Before filing a federal habeas petition, a petitioner must exhaust his state court remedies by fairly presenting his federal constitutional claims to the highest available state court. O'Sullivan v. Boerckel, 526 U.S. 838, 845 (1999). A federal claim is fairly presented when the petitioner refers "to a specific federal constitutional right, a particular constitutional provision, a federal constitutional case, or a state case raising a pertinent federal constitutional issue before the state courts." McCall v. Benson, 114 F.3d 754, 757 (8th Cir. 1997) (quoting Myre v. State of Iowa, 53 F.3d 199, 200-01 (8th Cir. 1995) (quoting Kelly v. Trickey, 844 F.2d 557, 558 (8th Cir. 1988))). A federal claim has not been fairly presented to a state court "if that court must read beyond a petition or a brief (or a similar document) that does not alert it to the presence of a federal claim in order to find material, such as a lower court opinion in the case, that does so." Baldwin v. Reese, 541 U.S. 27, 32 (2004).

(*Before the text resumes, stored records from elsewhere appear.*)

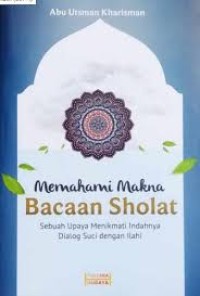 MEMAHAMI MAKNA BACAAN SHOLAT: Sebuah Upaya Menikmati Indahnya Dialog Suci dengan Ilahi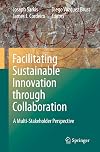 Facilitating Sustainable Innovation through Collaboration A Multi-Stakeholder Perspective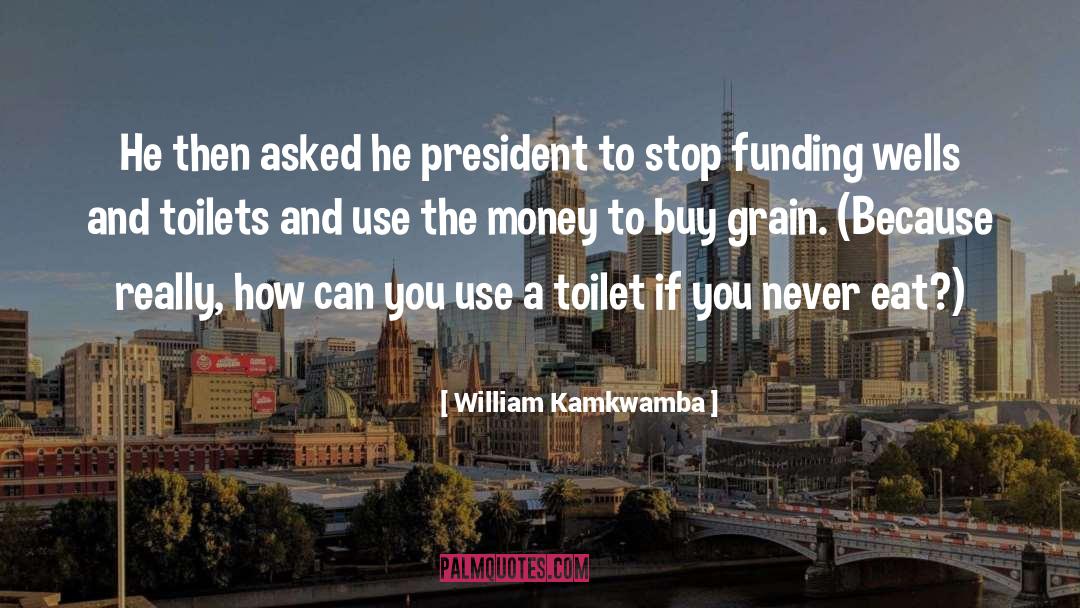 Icera Toilets quotes by William Kamkwamba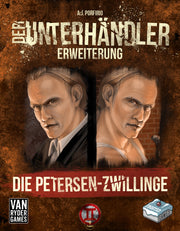 Der Unterhändler: Der Unterhändler Erweiterung A2 - Die Petersen Zwillinge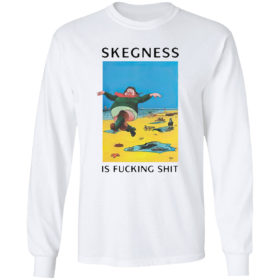 Skegness is fucking shit shirt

If a petition contains claims that have not been fairly presented, the court must determine if those claims are unexhausted or procedurally defaulted. A claim is unexhausted if the claim has not been fairly presented in one complete round of the state's established appellate review process, O'Sullivan, 526 U.S. at 845, but the petitioner has the right under state law to raise the claim by any available procedure, 28 U.S.C. § 2254(c). A claim is procedurally defaulted if it has not been fairly presented in the state courts, and the state courts will no longer review it because an independent and adequate state procedural rule precludes further litigation of the claim. Coleman v. Thompson, 501 U.S. 722, 730-34 (1991).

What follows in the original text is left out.